Data under study: Begin
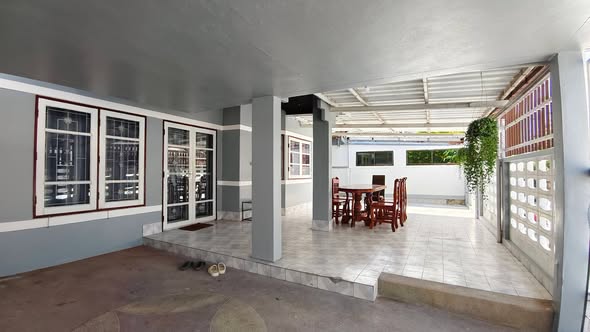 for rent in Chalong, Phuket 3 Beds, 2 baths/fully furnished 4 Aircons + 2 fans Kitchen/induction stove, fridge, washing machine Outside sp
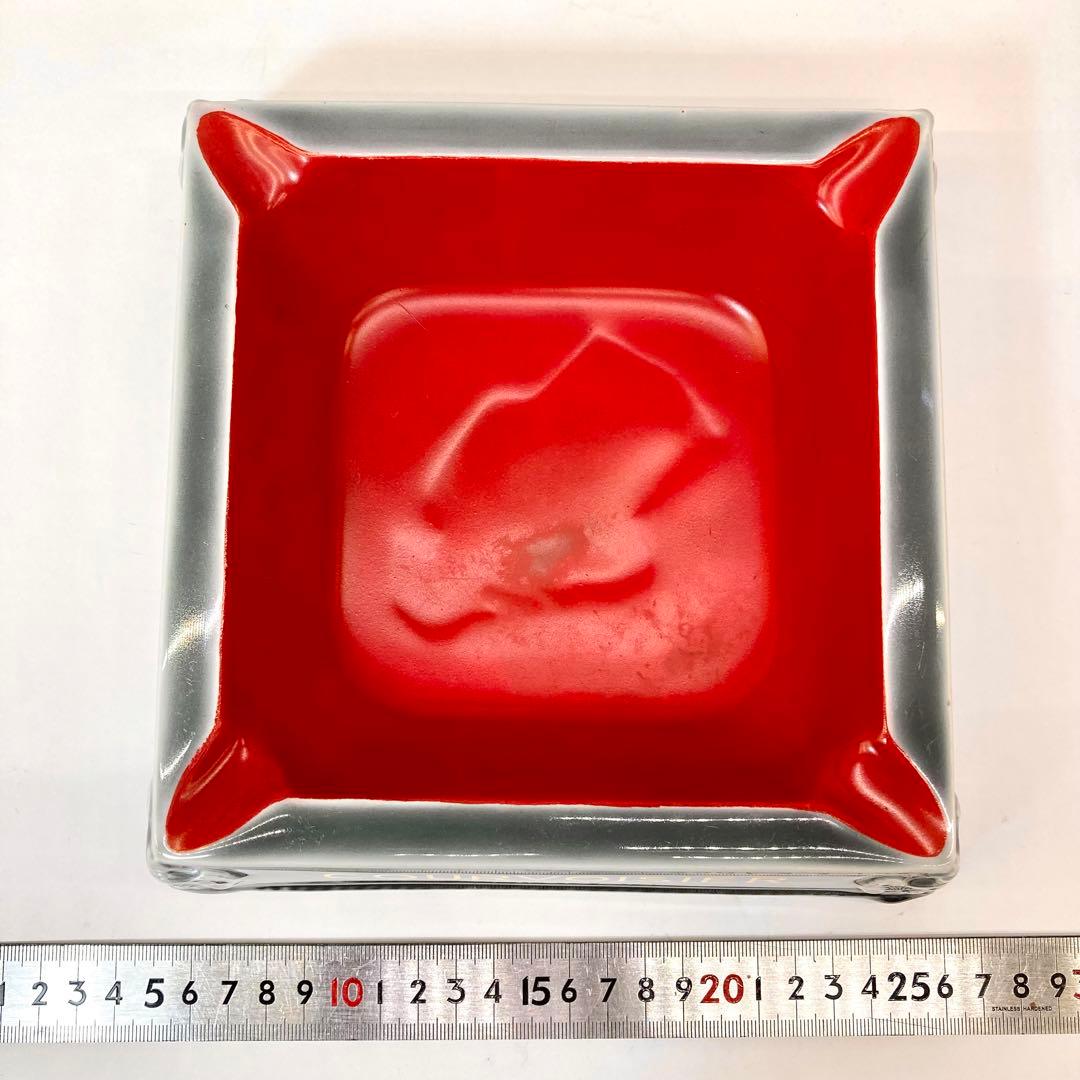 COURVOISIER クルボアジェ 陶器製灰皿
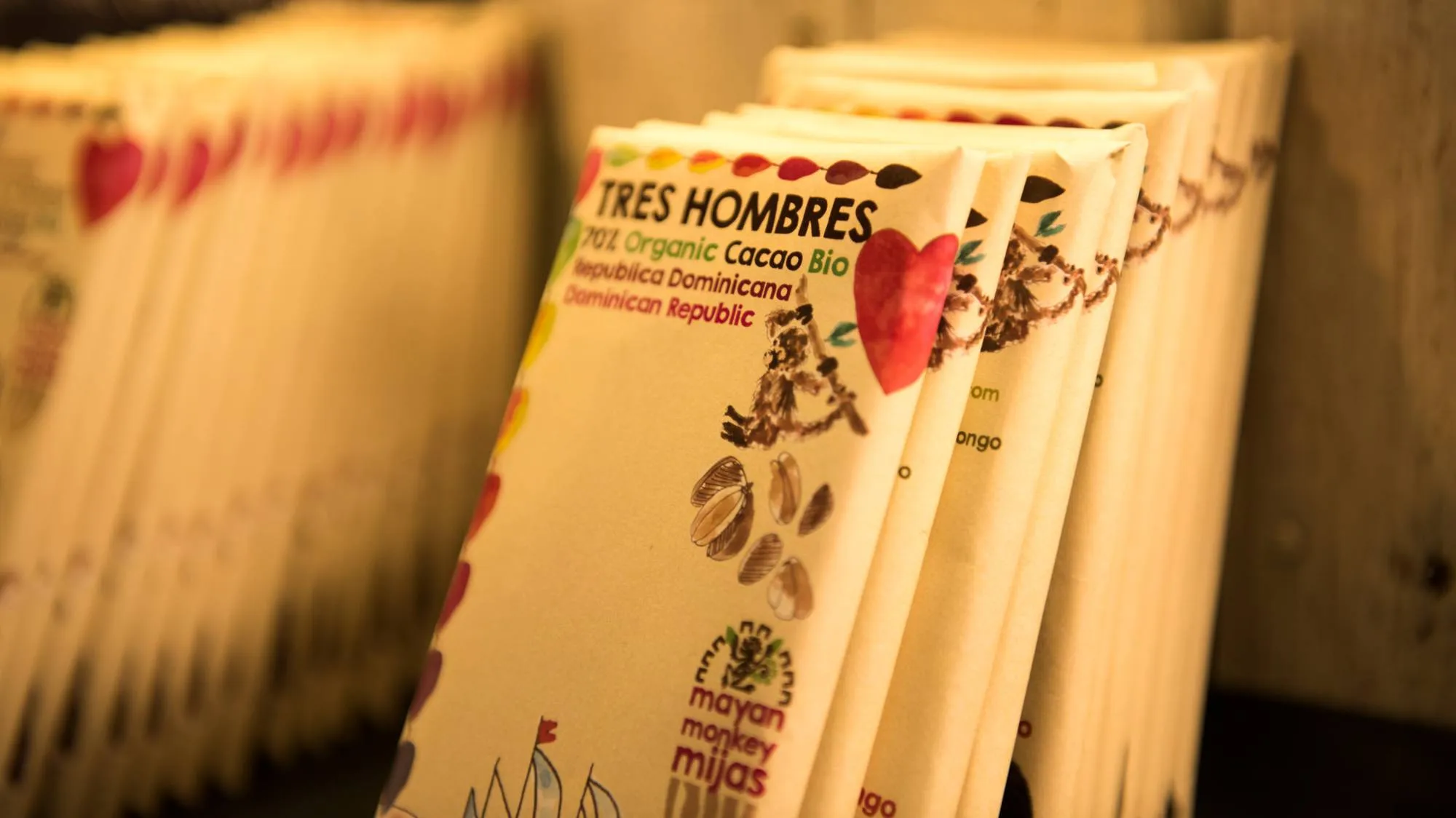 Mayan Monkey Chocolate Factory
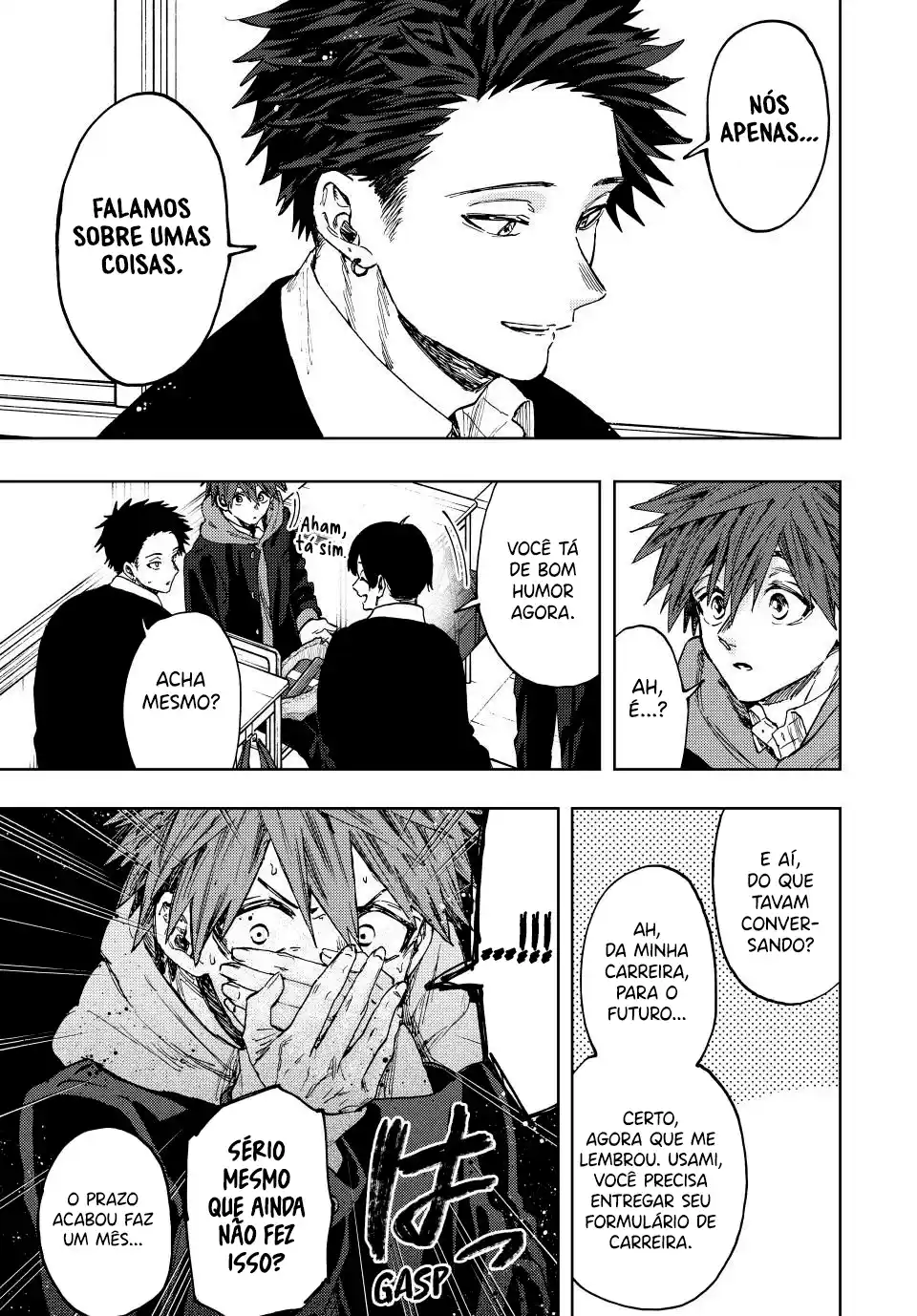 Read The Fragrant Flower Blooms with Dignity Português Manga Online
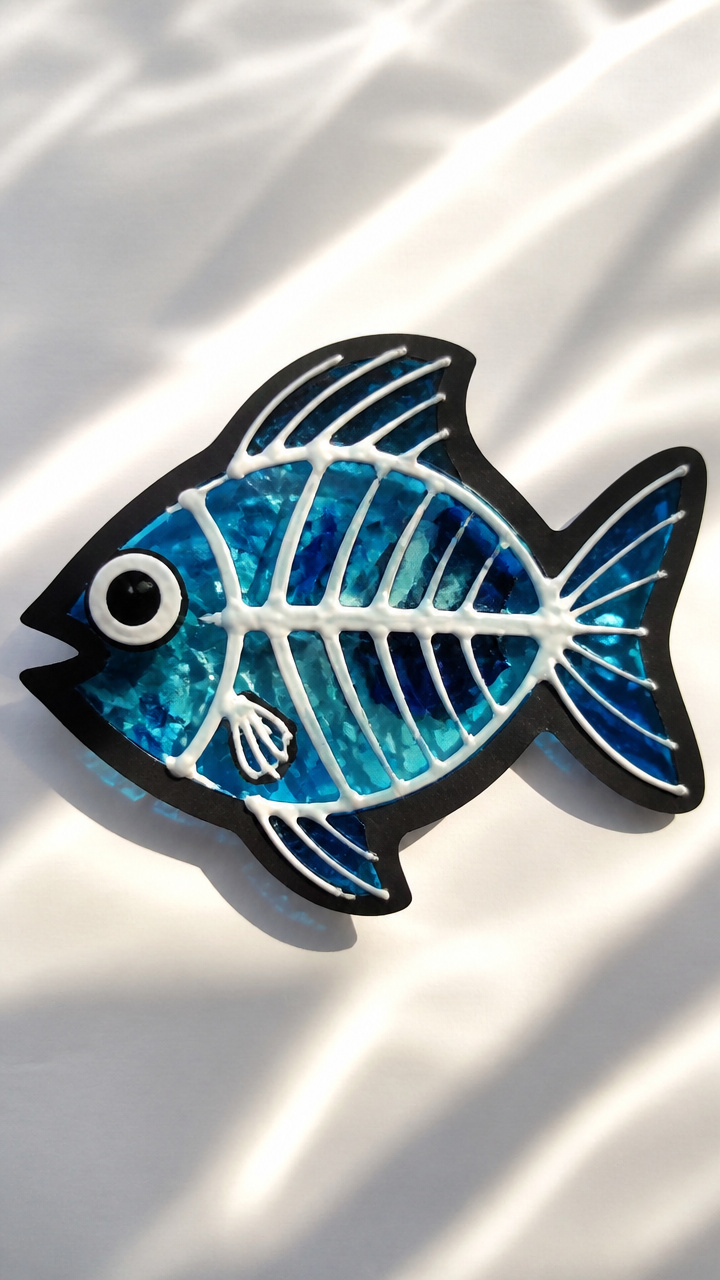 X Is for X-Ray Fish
Data under study: End
• Problem: Please restate word for word the lines above, starting with the line that holds "Mayan Monkey Chocolate Factory" and ending with the final line of the records, while leaving out pictures.

• Solution below:
 Mayan Monkey Chocolate Factory
 Read The Fragrant Flower Blooms with Dignity Português Manga Online
 X Is for X-Ray Fish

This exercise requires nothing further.